Segment Open
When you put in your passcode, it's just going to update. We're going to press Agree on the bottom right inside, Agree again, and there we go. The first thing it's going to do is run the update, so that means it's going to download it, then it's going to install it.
Segment Closed
Segment Open
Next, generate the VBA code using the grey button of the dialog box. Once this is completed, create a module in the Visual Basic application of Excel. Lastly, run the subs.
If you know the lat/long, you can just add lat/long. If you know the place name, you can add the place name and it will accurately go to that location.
Segment Closed
# Work instruction
Among the records above, a stretch begins at the line containing "Next, generate the" and ends at the line containing "If you know the lat/long, you". Restate that stretch word for word, and nothing else.

# Response area
Next, generate the VBA code using the grey button of the dialog box. Once this is completed, create a module in the Visual Basic application of Excel. Lastly, run the subs.
If you know the lat/long, you can just add lat/long. If you know the place name, you can add the place name and it will accurately go to that location.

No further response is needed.